Looking at all he has done, I don't think he means "complex" when he says "clever". He's not advocating for (and most likely against) the architecture-astronautism of overengineering that some people seem to be associating with "clever" here.

He means code that appears indecipherable at first glance, but then once you see how it works, you're enlightened. Simple and efficient code can be "clever".

  • I think clever is being used in two different ways, in that case.

    In the original quote, “clever” refers to the syntax, where they way the code was constructed makes it difficult to decipher.

    I believe your interpretation (and perhaps the post’s, as well) is about the design. Often to make a very simple, elegant design (what pieces exist and how they interact) you need to think really hard and creatively, aka be clever.

    Programming as a discipline has a problem with using vague terms. “Clean” code, “clever” code, “complex” code; what are we trying to convey when we talk about these things?

    I came up with a term I like: Mean Time to Comprehension, or MTC. MTC is the average amount of time it takes for a programmer familiar with the given language, syntax, libraries, tooling, and structure to understand a particular block of code. I find that thinking about code in those terms is much more useful than thinking about it in terms of something like “clever”.

    (For anyone interested, I wrote a book that explores the rules for writing code that is meant to reduce MTC: The Elements of Code https://elementsofcode.io)

  • Good code should not be immediately understandable. Machines that do pasta do not look like humans that do pasta. Same for code; good code does things in a machine way and it won't look natural.

    Example: convert RGB to HSV. If you look around for a formula, you'll likely find one that starts so:

        cmin = min(r, g, b);
        cmax = max(r, g, b);
    

    Looks very natural to a human. Thing is, as we compute 'cmin', we'll also compute or almost compute 'cmax', so if we rewrite this for a machine, we should merge these two into something that will be way less clear on the first glance. Yet it will be better and make fewer actions (the rest of the conversion is even more interesting, but won't fit into a comment).

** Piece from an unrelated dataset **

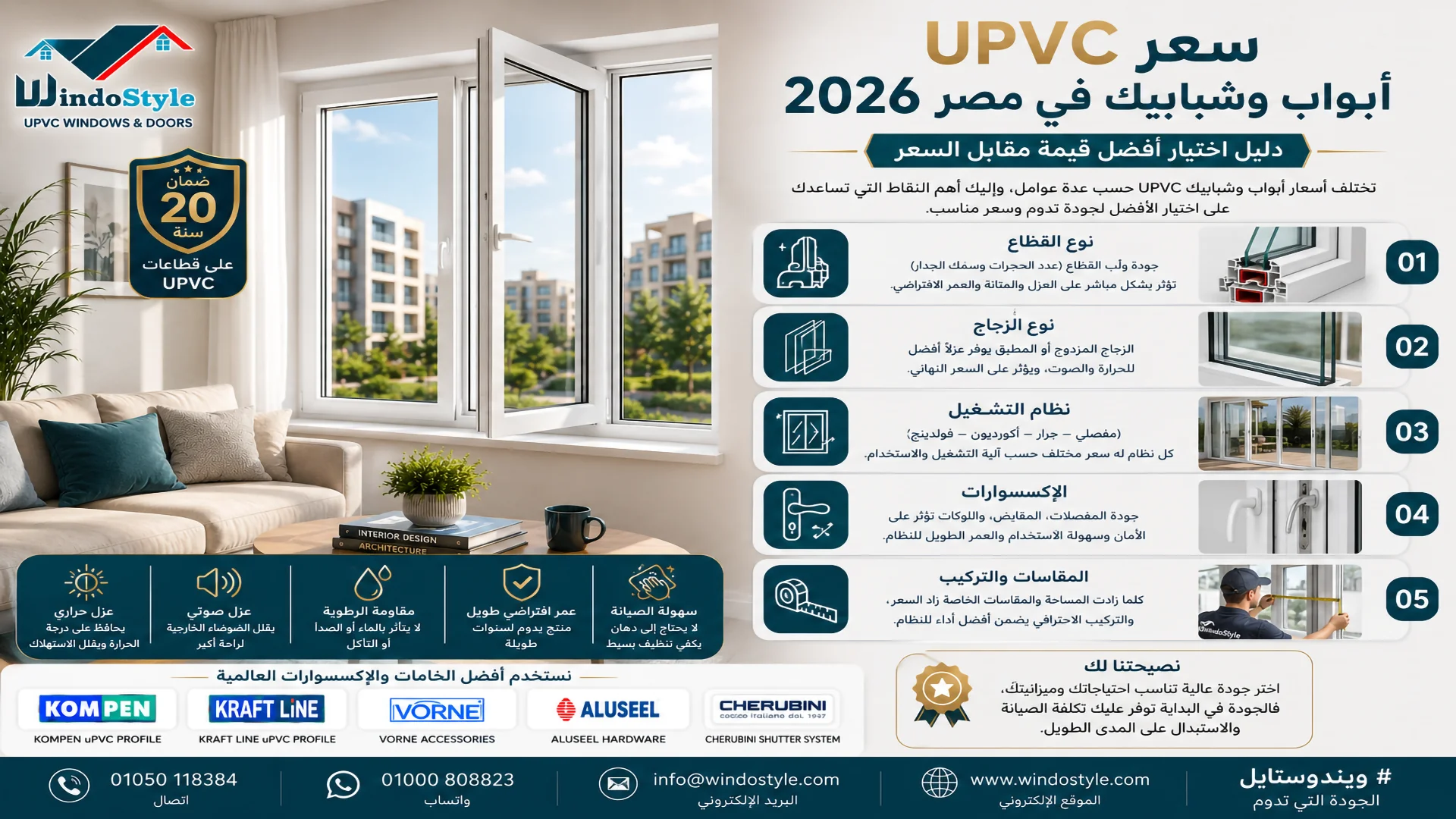 سعر UPVC أبواب وشبابيك في مصر 2026 ودليل اختيار أفضل قيمة مقابل السعر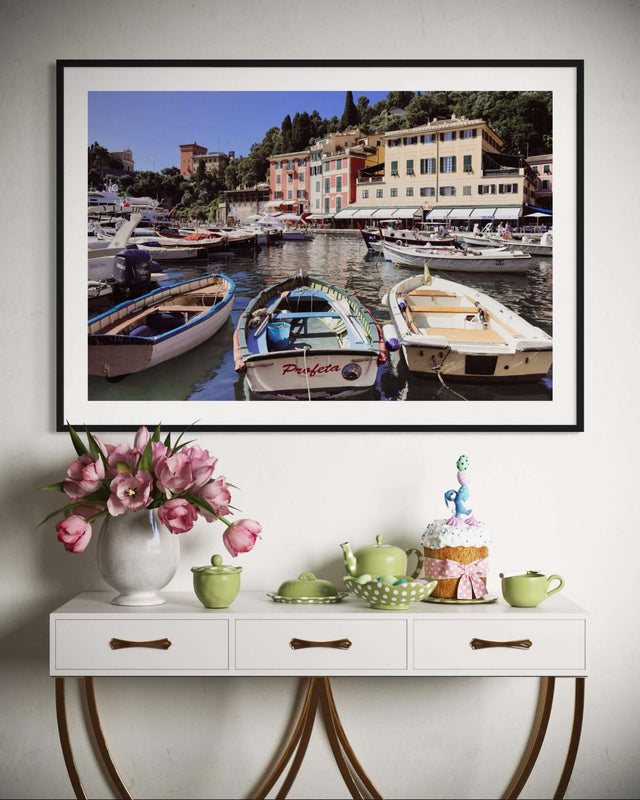 Wall Art of a Boat Print featuring fishing boat Profeta in the scenic harbor of Portofino with colorful buildings.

    • Recognizing that sort of opportunity is why we have optimizing compilers and intrinsics.

      Funny thing: in Python code I've had a few occasions where I needed both quotient and remainder of an integer division, so naturally I used `divmod` which under the hood can exploit the exact sort of overlap you describe. I get the impression that relatively few Python programmers are familiar with `divmod` despite it being a builtin. But also it really doesn't end up mattering anyway once you have to slog through all the object-indirection and bytecode-interpretation overhead. (It seems that it's actually slower given the overhead of looking up and calling a function. But I actually feel like invoking `divmod` is more intention-revealing.)

    • In short your stance is to sacrifice readability for performance.

      Legit in some cases. But for usual business software, code is for humans (compiler will make machine code intended for the machine)

      3 replies →

Personally, I see a kind of arc in programming style over time. It does begin naive, and more-experienced you will look back at your early code realizing you were essentially re-inventing the wheel in one place or you may see now that a look-up table would have been more efficient (as examples).

As you learn more techniques and more data structures the "cleverness" creeps into your code. To the degree that the cleverness might have a complexity cost, sometimes the cost may be worth it—perhaps not always though.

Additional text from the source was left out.